Aufgewachsen bin ich im Norden Deutschlands, habe dann aber in Bamberg Wirtschaftspädagogik studiert. Nach dem Studium hat mir mein Doktorvater eine Promotion angeboten, bei der es um Langeweile in kaufmännischen Unterrichtsprozessen ging. Nach der Promotion hatte ich bis 2017 eine Juniorprofessur für Wirtschaftspädagogik in Frankfurt inne und habe anschließend die Vertretung des Lehrstuhls hier in Hohenheim übernommen.

2017 hieß das Fachgebiet noch anders?

Ja, das jetzige Fachgebiet „Wirtschaftspädagogik, insbesondere Lehr- und Lernprozesse“ hieß noch „Wirtschaftspädagogik, insbesondere Pädagogik und Didaktik“. Es ist während meiner Vertretungszeit umbenannt worden.

Sie sagten, Sie haben über Langeweile im Unterricht promoviert. Worum genau ging es dabei?


Ich wollte verstehen, wie Schülerinnen und Schüler Unterrichtsprozesse erleben, welche Faktoren die Entstehung von Langeweile beeinflussen und welche Konsequenzen das für den Lernerfolg hat. Dazu habe ich den Unterricht in den kaufmännischen Fächern Rechnungswesen und Betriebswirtschaft über einen längeren Zeitraum gefilmt und mit der Experience Sampling-Methodik gearbeitet.

Damit kann man das Erleben von Probanden unmittelbar im konkreten Handlungsprozess erheben, entweder in zeitlich festen Intervallen oder an bestimmte Ereignisse geknüpft. Ich habe das Schülererleben im Unterricht alle sieben Minuten gemessen und konnte dann über die Verbindung mit den Beobachtungsdaten aus den Videos situative Entstehungskonstellationen der Langeweile nachzeichnen.

Freies Assoziieren



Wenden Sie denn Ihre Erkenntnisse auch jetzt in Ihren Vorlesungen an?

Das ist natürlich das Ziel. Auf jeden Fall habe ich durch die Studie einen guten Blick dafür entwickelt, wie es den Lernenden gerade geht und ob mein Unterrichtskonzept so aufgeht wie geplant. Es geht letztlich um Adressatengerechtigkeit, ein Anknüpfen an die Lebenswirklichkeit der Lernenden, und darum, wiederkehrende Leerläufe zu vermeiden. Das stelle ich auch gerade in meinem Schulpraxissemester an einer Berufsschule wieder fest.

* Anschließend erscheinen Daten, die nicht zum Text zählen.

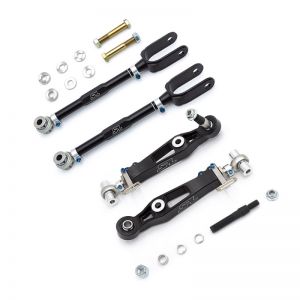SPL Parts Lower Control Arms SPL LCAK 996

Was sind zentrale Elemente in Ihrer Lehre?

Das sind im Wesentlichen drei Punkte: Zunächst einmal muss die Lehre sich bei der Auseinandersetzung mit den analytischen und konzeptionellen Grundlagen des Fachs immer auch mit authentischen Problemen des späteren Berufsfeldes beschäftigen und eine gewisse Anwendungsorientierung in sich tragen.

Zweitens sollte sie den Studierenden verdeutlichen, dass die Verantwortung für den Lernprozess letztlich bei ihnen selbst liegt. Das bedeutet aber keinen Rückzug von mir als verantwortlicher Lehrperson. Vielmehr geht es darum Ernsthaftigkeit und das Erleben von Autonomie zu erzeugen. Das geht mit handlungsorientierten Lehrmethoden, in denen Studierende über den Weg und zu einem gewissen Grad auch über das Ziel mitbestimmen können. Dazu gehören auch reger Austausch und Diskussion.

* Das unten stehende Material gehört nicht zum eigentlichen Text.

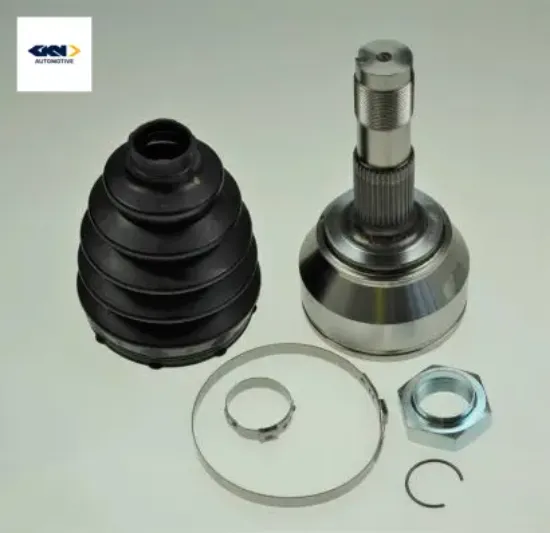 Aks Kafasi Diş Boxer-ducato 2.2hdi 06-> Jest 46308484/ 46308371/ 2220002AB resmi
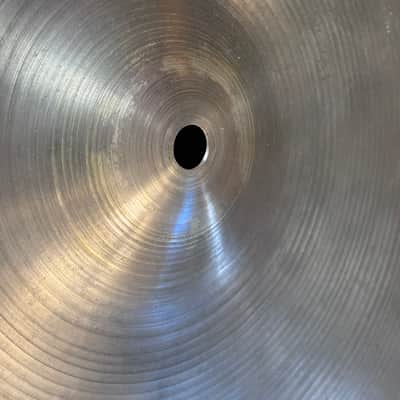 Zildjian Rock Hats 15” Hi Hats image 7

Und der dritte Punkt ist das Forschende Lernen. Ich finde es sehr wichtig, Studierenden zu zeigen, dass Forschung nicht im luftleeren Raum oder dem vielbeschworenen Elfenbeinturm stattfindet, sondern eine permanente Auseinandersetzung mit der sogenannten Praxis beinhaltet. Dazu gehört die Mitarbeit in Forschungsprojekten des Lehrstuhls und die Erkenntnis, dass Statistik und Empirie nicht nur lästige Gegner sind, sondern auch begeistern können. All dies ist wichtig, damit man in seiner späteren Berufsausübung begründete Position beziehen und das eigene Tun zielgerichtet reflektieren kann.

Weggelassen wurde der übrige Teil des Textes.